Un-deterring nuclear deterrents

The Guardian is a frequent recipient and an infrequent publisher of my letters. The latest war of words (let's hope it's a war of words) between two world leaders who share both a desire for the destruction of the world and, it seems, a hairdresser has resulted in my latest, which I publish here in case the Guardian decide that I have graced their letter page once too often:

"Sir

It is good to see, in the wake of North Korea's latest threat, that the USA's vast nuclear deterrent is working beautifully. As the world spirals closer to a nuclear Holocaust, I am sure the residents of Guam are reassured that Trump will blow hundreds of thousands to smithereens should they all be killed.
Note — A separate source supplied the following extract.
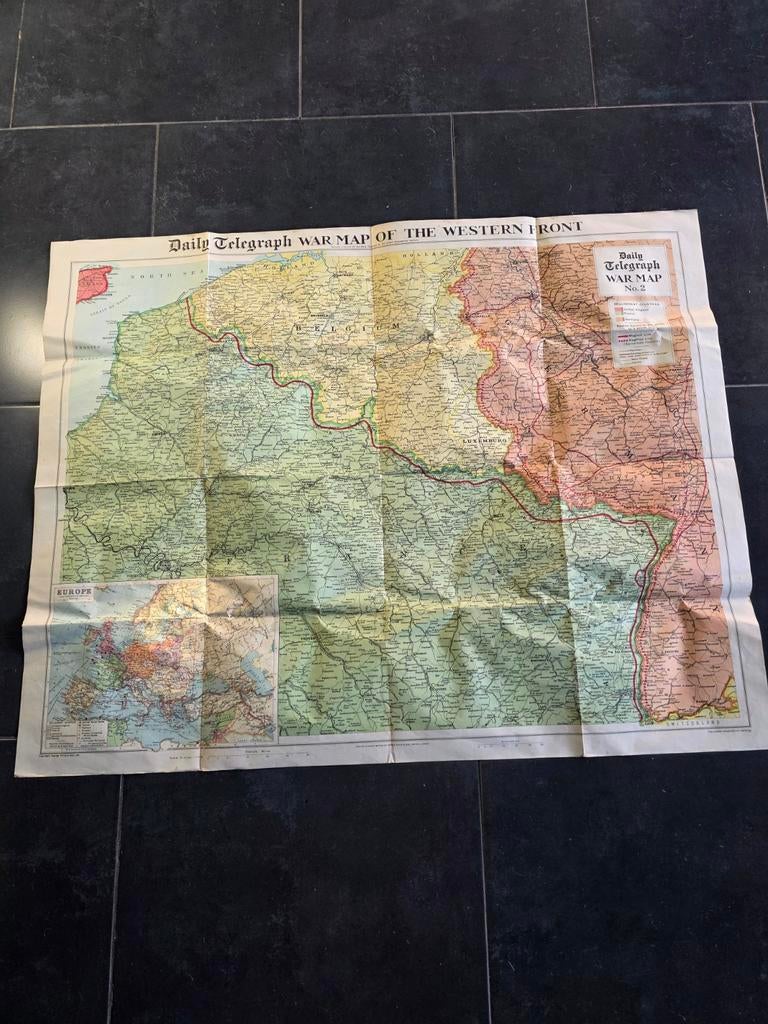 WW2 Daily Telegraph Oorlogskaart met vlaggen, Verzamelen, Militaria | Tweede Wereldoorlog, Ophalen of Verzenden, Overige soorten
At what point are we able to finally say what we must have known all along: it is not a nuclear deterrent because it does not deter but, rather, is a nuclear retaliatory system that no one would ever actually use.

Raphael Levy"

I have written about the UK's own nuclear deterrence before. In that post, I, somewhat tongue-in-cheek, argue that we do not need a nuclear deterrence because everyone hates the US more than us. My point, however, was a serious one. North Korea's latest string of threats seems to suggest that maybe I was right. They also prove a more important argument I was making: a nuclear deterrence is not a deterrence. It does not deter. North Korea, so far, have not been deterred. They have called Trump's ludicrous bluff - as if threatening a state with nuclear annihilation that you would not follow up on is really a smart move - and continue to threaten with menace. A nuclear deterrent must deter. It is completely useless and utterly barbaric if its role is retaliation.

I also asserted that no one would ever use nuclear weapons in retaliation, but if anyone would it is the bumbling moron currently inhabiting the White House. I fear I may be correct. I look forward to arguing with people about our moral superiority, Western values, that North Korea 'deserved' it and so on as innocent civilians die. I look forward to that solving the problem. I look forward to sitting in the comfort of our armchairs whilst real people have to deal with loved ones dying because we were too arrogant to de-escalate this decades ago. We may be right and North Korea wrong, but nuclear war does not care. It will only determine, as with all war, who is left. None of us benefits from a retaliation to an undeterred North Korea. None of us.